China has arrested two executives from a Hong Kong-owned fund for irregular futures trades involving hundreds of millions of dollars, said Xinhua news agency, the first public arrests linked to a non-mainland fund caught up in a crackdown on risky trading.
The Ministry of Public Security said the case was still under investigation and that its plans to enlist foreign authorities to net overseas suspects, the official news agency reported, citing a ministry statement on Sunday.
Chinese authorities have blamed "malicious" trading in stock futures for stoking share volatility that saw bourses slide over 40 percent since June. Investigations into market manipulation have so far netted journalists, senior executives in brokerages and even securities regulators.
The general manager of Jiangsu-based Yishidun, Gao Yan, and senior executive Liang Ze, were arrested for allegedly buying and selling futures in prices that deviated from market standards and illegally made more than 2 billion yuan ($316 million), said the news agency.
Jin Wenxian, a technical supervisor at Chinese Shenzhen-located firm China Fortune Futures, was also arrested for allegedly helping Yishidun cover up trade details, using software without detection by authorities and transferring funds, Xinhua said.
Yishidun could not be reached for comment. An official at China Fortune Futures declined to comment.
Yishidun, a company jointly invested by two Hong Kong-based firms set up by foreign nationals Georgy Zarya and Anton Murashov, was founded in 2012.
The firm allegedly used software to buy up to 31 futures contracts in one second, said Xinhua, adding from early June to early July it made a net profit of over 500 million yuan.
"The company's trade activities deteriorated the fluctuations in daily trade prices.. And affected then market trade prices and normal trade orders," said the statement, according to Xinhua.
In a separate probe, Xu Xiang, general manager of Shanghai-based company Zexi Investment, and others at the firm were under investigation for suspected insider trading, said Xinhua, citing a separate statement from the Ministry of Public Security.
Zexi Investment was not immediately available for comment.
The slide in stocks since June has prompted regulators to restrict automated trading in commodities futures and tighten other rules which have winded the futures market.
Chinese regulators have asked foreign and Chinese-owned brokerages in Hong Kong and Singapore to hand over stock trading records, while some local fund managers have been called in and asked to explain trading strategies every two weeks.

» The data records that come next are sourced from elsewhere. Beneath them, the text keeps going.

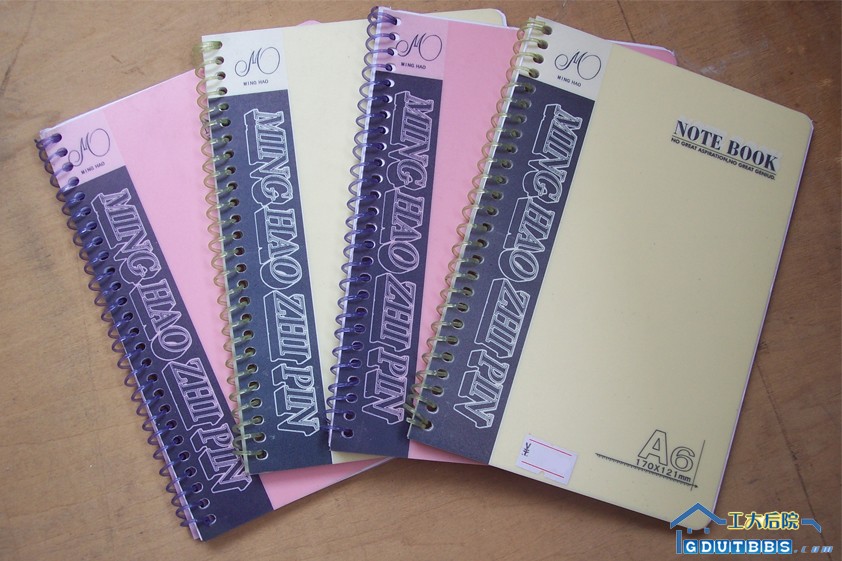 塑面A6-30页线圈记事本1.5元/本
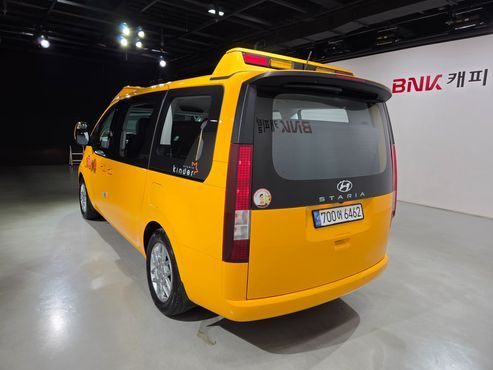 Hyundai Staria L3.5 Kinder Safety Car 15-Seater — пробег 31 662 км — фото 4 из 5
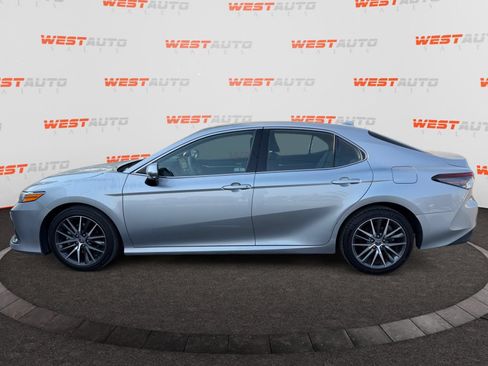 Used 2023 Toyota Camry XLE FWD image 2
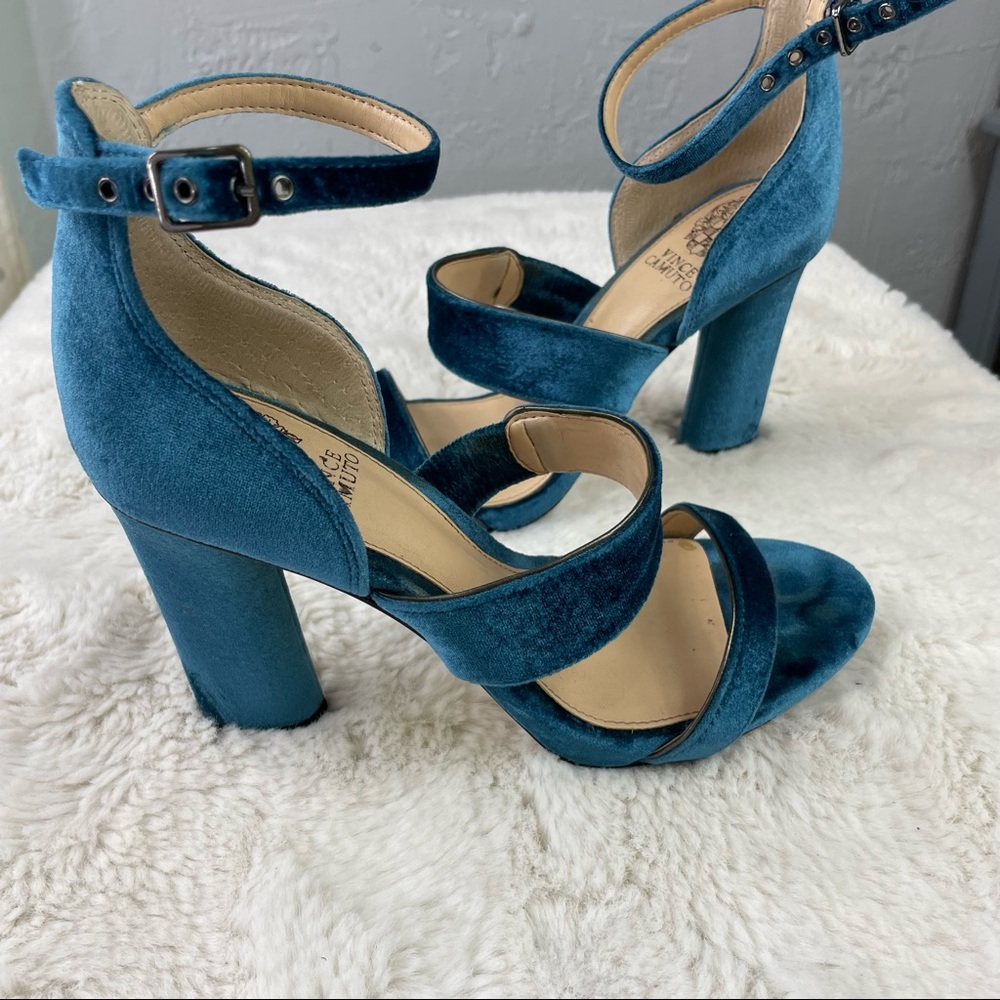 Vince Camuto velvet heels Size 6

Hundreds of foreign hedge funds and traders are working in a regulatory grey area in China, finding legal ways to bet on Chinese stocks and derivatives without going through formal investment channels, which prevent them using strategies such as short-selling.
In August, China's markets regulator froze a trading account linked to Citadel Securities, a unit of the U.S. group that also owns hedge fund Citadel LLC, for "spoofing", a practice that involves placing and then cancelling orders, distorting prices.